Le ministre avait également invité l'ensemble des partenaires et la communauté internationale à soutenir ce vaste chantier et insisté sur la nécessaire implication du partenariat institutionnel public-privé dans le développement de Madagascar.

Objectifs clairement revendiqués : mettre en place des représentations diplomatiques crédibles, efficaces, pro actives et impliquées, grâce à une veille économique et une connaissance du terrain.

On notera toutefois que le ministre a pris soin de prendre l'engagement de ne pas perturber le système de rotation et d'avancement traditionnel des agents diplomatiques du ministère. Il a également précisé sa volonté d'opérer dans la plus grande transparence et dans le respect des lois et règlements en vigueur dans le pays.

Une approche inspirante pour les candidats à l'élection présidentielle française ?

L'ambassadeur de France dans un pays étranger est nommé par le président de la République en conseil des ministres sur proposition du ministre des Affaires étrangères ; une procédure extrêmement solennelle. C'est un des « emplois supérieurs à la décision du gouvernement », qui peut donc, en droit, nommer qui bon lui semble.

C'est d'ailleurs la coutume aux Etats-Unis où les ambassadeurs changent avec les présidents. On se souvient par exemple de Joseph Patrick Kennedy le père de JFK, ambassadeur des Etats-Unis d'Amérique en Grande-Bretagne de 1938 à fin 1940.

En France, cette situation est rare. Le choix se porte quasiment toujours sur des diplomates chevronnés ayant une bonne expérience du métier ; c'est-à-dire ayant le grade de ministre plénipotentiaire ou de conseiller des Affaires étrangères de première classe. Souvent, des anciens élèves de l'ENA.

Un pourcentage des nominations d'ambassadeurs se déroule au tour dit extérieur. C'est ainsi que dans la tradition des écrivains-diplomates, il peut y avoir des surprises comme ce fut le cas de Jean-Christophe Rufin l'ancien médecin, humanitaire et ancien conseiller ministériel.

Une approche à l'américaine ou à la malgache permettrait clairement de varier les profils et de disposer de compétences et de talents dont ne disposent les diplomates issues d'un cursus de haut fonctionnaire classique notamment en matière d'expertise économique. Les grandes business school ont autant la capacité à fournir des profils compétents que les écoles en charge de la formation en administration publique. La vente avortée des sous-marins français à l'Australie doit nous faire comprendre que la diplomatie française gagnerait à s'appuyer davantage sur les compétences des acteurs du secteur privé et sensible aux enjeux économiques et commerciaux.
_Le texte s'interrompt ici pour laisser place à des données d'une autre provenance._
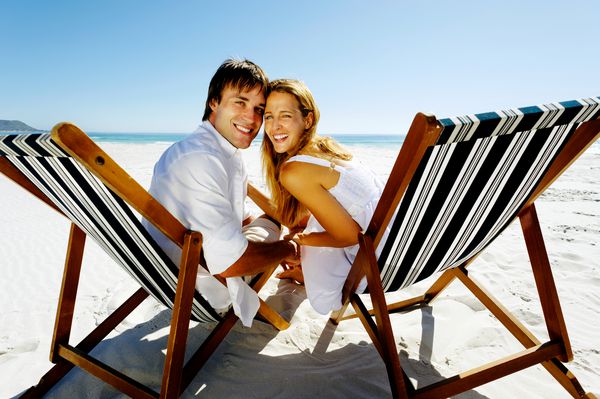 یک زن و شوهر شاد واقعی در تعطیلات تابستانی در ساحل برای یک پرتره در کنار هم قرار می گیرند با خنده و لبخند با شادی خالص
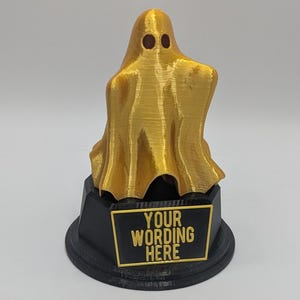 May include: A gold ghost trophy with a black base. The base has a plaque that says "YOUR WORDING HERE".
On notera que les exemples de cette implication économique des ambassades de culture anglo-saxonne en soutien plus ou moins voilé aux firmes de leur pays sont légion : accueil de conférences de presse, prise de parole de l'ambassadeur, facilités administratives...

Par ailleurs, et sans sombrer dans un « wokisme » caricatural, il contribuerait à faire émerger des profils issus de la diversité française.

Des écueils à éviter

Si la démarche est intéressante et peut se révéler efficiente, il convient de se prémunir contre toute déviance ou manque de transparence. Les processus de sélection annoncés par l'Etat malgache devraient être supervisés par un huissier de justice comme suggéré par le célèbre le BIANCO malgache, Bureau Indépendant Anti-Corruption.

Il est vrai que ce type de pratique administrative peut rapidement sombrer dans le népotisme ou le clientélisme et que par le passé le pays et ses différents régimes en place en furent coutumiers.

En France, le contrôle d'une autorité administrative indépendante comme la Haute Autorité pour la transparence de la vie publique (HATVP) ou du Parquet national financier (PNF) pourrait constituer un premier pare-feu à de mauvaises pratiques et une garantie à toute entrave à un recrutement équitable et juste. En somme, voici une voie de réforme à creuser à l'approche de la présidentielle 2022.

(*) Elu municipal à Poissy (Yvelines) en charge de la Citoyenneté, de la francophonie et des relations avec les cultes.